Six Essential Skills of Master Traders

There are many skills that traders need to master to become excellent and profitable.

Author: Patrick Curtis
Patrick Curtis
Patrick Curtis
Private Equity | Investment Banking

Prior to becoming our CEO & Founder at Wall Street Oasis, Patrick spent three years as a Private Equity Associate for Tailwind Capital in New York and two years as an Investment Banking Analyst at Rothschild.

Patrick has an MBA in Entrepreneurial Management from The Wharton School and a BA in Economics from Williams College.

Reviewed By: Himanshu Singh
Himanshu Singh
Himanshu Singh
Investment Banking | Private Equity

Prior to joining UBS as an Investment Banker, Himanshu worked as an Investment Associate for Exin Capital Partners Limited, participating in all aspects of the investment process, including identifying new investment opportunities, detailed due diligence, financial modeling & LBO valuation and presenting investment recommendations internally.

Himanshu holds an MBA in Finance from the Indian Institute of Management and a Bachelor of Engineering from Netaji Subhas Institute of Technology.

Last Updated:November 16, 2023

What Are The Six Essential Skills of Master Traders?

There are many skills that traders need to master to become excellent and profitable. Trading takes lots of skill and consistency, which many wish for but need help with. We will discuss the six skills required to become a high-level trader. 

Some skills needed to become a successful trader are research and analysis, adaptation to current markets, and perseverance. These characteristics are not easy to obtain, but they will change your game when you get them. 

These skills will put you far above everyone around you and give you a good edge against competitors. Although one can understand these skills and do well, being able to understand them and implement them will make you a master trader.

More skills that will help you become a master trader are discipline and patience in your trades. Others understand and implement risk management and keep records of all trades, including wins and losses.

Research and Analysis 

Research and analysis are by far the essential part of trading. Research can entail many different things, such as researching news, finding potential stocks to trade, and analyzing stocks to find a good entry or exit point. 

The research process can begin with looking at a specific sector or finding out which sectors are hot during the current market conditions.
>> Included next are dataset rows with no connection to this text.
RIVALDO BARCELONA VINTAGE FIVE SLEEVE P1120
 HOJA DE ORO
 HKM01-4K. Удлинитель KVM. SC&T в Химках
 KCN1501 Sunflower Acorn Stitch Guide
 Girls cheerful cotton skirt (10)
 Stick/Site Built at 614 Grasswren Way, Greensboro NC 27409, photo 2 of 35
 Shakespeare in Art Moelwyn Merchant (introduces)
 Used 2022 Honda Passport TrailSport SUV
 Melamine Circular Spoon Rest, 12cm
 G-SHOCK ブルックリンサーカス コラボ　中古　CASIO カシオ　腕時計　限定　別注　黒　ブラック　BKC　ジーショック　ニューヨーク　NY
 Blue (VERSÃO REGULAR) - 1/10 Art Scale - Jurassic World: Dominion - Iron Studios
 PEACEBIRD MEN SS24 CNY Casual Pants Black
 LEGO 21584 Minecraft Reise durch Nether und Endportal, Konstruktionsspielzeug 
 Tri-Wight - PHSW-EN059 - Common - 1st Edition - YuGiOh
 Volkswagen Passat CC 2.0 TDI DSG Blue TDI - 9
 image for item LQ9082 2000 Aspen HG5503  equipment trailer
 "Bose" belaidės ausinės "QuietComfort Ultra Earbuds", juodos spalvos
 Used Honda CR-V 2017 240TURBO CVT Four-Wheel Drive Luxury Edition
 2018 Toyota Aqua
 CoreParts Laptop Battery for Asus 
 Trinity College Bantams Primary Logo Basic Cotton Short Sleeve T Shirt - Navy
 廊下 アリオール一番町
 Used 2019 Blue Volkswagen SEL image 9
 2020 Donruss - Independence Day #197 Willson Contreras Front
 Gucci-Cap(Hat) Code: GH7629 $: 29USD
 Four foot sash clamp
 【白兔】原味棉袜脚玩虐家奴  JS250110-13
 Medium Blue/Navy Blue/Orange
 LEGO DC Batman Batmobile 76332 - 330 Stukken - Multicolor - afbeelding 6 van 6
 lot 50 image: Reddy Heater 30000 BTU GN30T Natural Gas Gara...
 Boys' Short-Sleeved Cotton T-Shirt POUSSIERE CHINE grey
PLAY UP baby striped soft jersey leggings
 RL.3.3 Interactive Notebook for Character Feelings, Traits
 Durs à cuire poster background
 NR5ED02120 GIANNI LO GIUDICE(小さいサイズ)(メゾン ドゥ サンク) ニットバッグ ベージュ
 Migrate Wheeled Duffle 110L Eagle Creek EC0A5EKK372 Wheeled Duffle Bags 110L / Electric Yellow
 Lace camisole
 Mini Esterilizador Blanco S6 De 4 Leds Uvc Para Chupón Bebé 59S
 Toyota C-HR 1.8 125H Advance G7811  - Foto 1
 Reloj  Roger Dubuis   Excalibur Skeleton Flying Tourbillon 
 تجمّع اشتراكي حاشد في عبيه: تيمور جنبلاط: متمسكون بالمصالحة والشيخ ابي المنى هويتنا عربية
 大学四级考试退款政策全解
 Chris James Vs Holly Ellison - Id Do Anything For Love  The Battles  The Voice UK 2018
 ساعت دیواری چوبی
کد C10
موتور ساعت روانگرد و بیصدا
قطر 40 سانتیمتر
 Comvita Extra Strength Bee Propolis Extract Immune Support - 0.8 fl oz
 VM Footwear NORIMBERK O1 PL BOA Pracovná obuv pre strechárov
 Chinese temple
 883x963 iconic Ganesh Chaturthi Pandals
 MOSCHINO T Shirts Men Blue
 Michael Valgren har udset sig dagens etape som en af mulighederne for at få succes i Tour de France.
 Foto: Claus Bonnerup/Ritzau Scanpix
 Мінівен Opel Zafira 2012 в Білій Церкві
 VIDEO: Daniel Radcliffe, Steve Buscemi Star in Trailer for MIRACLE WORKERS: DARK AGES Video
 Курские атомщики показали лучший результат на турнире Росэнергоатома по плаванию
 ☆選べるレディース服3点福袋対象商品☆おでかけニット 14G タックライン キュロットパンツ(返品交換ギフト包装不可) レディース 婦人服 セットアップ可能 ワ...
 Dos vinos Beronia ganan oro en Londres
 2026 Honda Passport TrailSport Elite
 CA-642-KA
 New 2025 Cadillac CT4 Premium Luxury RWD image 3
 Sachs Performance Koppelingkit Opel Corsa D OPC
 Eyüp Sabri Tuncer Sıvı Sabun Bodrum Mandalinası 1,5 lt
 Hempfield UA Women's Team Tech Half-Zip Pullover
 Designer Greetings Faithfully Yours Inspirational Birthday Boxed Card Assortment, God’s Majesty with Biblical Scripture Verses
There are eleven total market sectors; naturally, some may be green while others may be red. 

Understanding the movement of sector rotation will help a trader analyze the overall market. If a trader can understand the overall market and see sector rotations, they will be able to see available trades much earlier than most retail traders. This gives them a huge advantage. 

Traders who understand the overall market have a substantial advantage over those who do not, but most traders will focus on one sector. Concentrating on one industry can help a trader understand certain stocks and how they move daily and month to month. 

Analyzing those stocks is how traders can understand the moves and price action. Traders will look at price movement and use indicators to analyze the stock's supply and demand zones. This helps traders define where they may want to go, long or short. 

There is little difference in stock analysis between short and long-term traders. Most of the analysis done by each of the traders is fractal. For example, short-term and long-term traders using the RSI indicator agree that stocks at thirty or below are oversold.

Researching news, economic events, earnings reports, and other economic data can help traders analyze stocks better. They can also study and analyze different companies' financial statements to help them see how they are doing quarter over quarter. 

Adapting to Market Conditions 

Researching and analyzing the market can help you understand where it is and where it's going, but adapting your trading style to market conditions is just as important.

A significant factor about trading is that it's fractal, meaning you can take what you know from short to long-term trading.

So, if you are naturally a day trader, the market may have become too volatile for you. If one feels uncomfortable risking money intraday, one could adapt their trading style to swing trading or even position trading. These styles place trades over more extended periods.

Adapting to market conditions is about more than switching your trading strategy; it could be tweaking one part of your trading system that may not be as efficient anymore. The markets are constantly changing and evolving; we cannot stop or slow them down. 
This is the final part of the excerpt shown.